What to work on :: Every line from the one holding "SHACOS Teppich Läufer" through the one holding "Wholesale- female retro" in the data below must be returned exactly, both ends included, with pictures left out and nothing else added.

Records to process ::
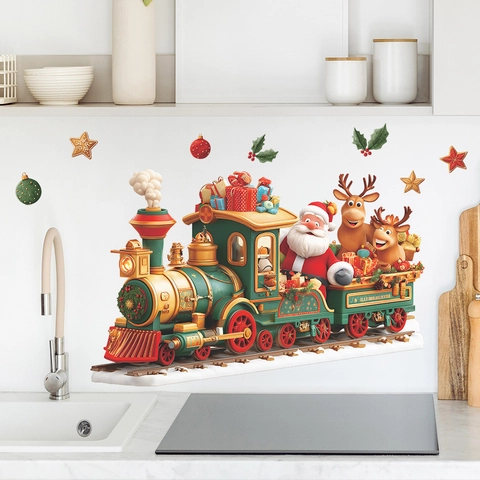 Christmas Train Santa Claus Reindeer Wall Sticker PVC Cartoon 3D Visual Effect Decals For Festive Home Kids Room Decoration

* * *

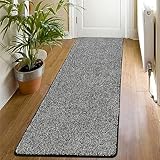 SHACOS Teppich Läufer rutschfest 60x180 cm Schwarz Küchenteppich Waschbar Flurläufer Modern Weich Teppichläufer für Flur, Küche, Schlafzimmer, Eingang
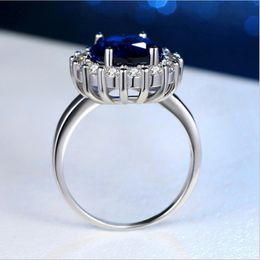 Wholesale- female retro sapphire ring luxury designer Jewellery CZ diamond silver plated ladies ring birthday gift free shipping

==

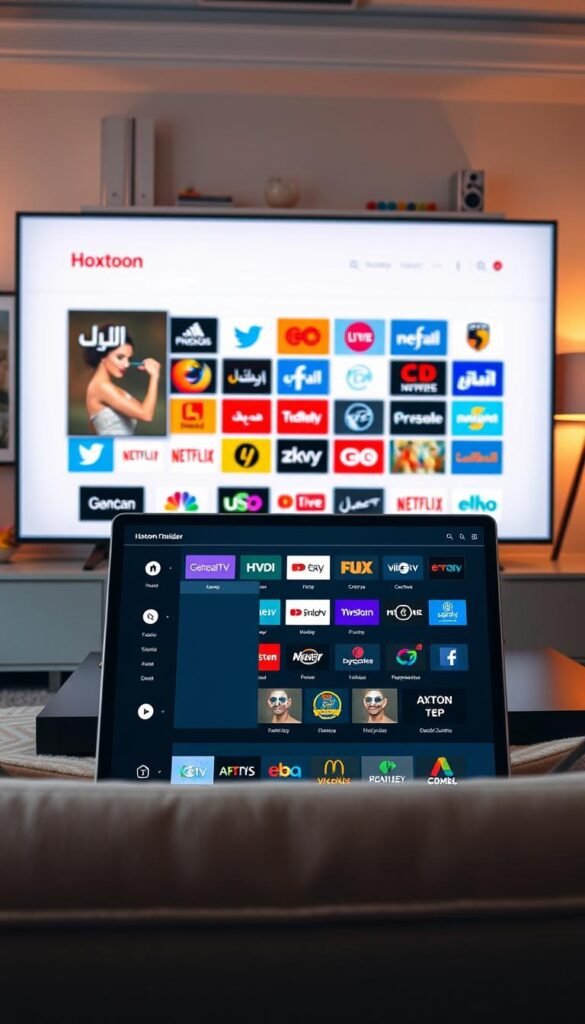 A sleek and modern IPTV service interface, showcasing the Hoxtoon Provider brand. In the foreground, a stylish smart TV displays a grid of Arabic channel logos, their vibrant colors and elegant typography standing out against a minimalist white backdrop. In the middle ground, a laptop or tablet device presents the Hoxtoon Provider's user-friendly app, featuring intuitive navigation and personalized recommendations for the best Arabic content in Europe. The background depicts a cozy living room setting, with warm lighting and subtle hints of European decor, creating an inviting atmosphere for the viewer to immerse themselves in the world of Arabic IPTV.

Written response ::
 SHACOS Teppich Läufer rutschfest 60x180 cm Schwarz Küchenteppich Waschbar Flurläufer Modern Weich Teppichläufer für Flur, Küche, Schlafzimmer, Eingang
 Wholesale- female retro sapphire ring luxury designer Jewellery CZ diamond silver plated ladies ring birthday gift free shipping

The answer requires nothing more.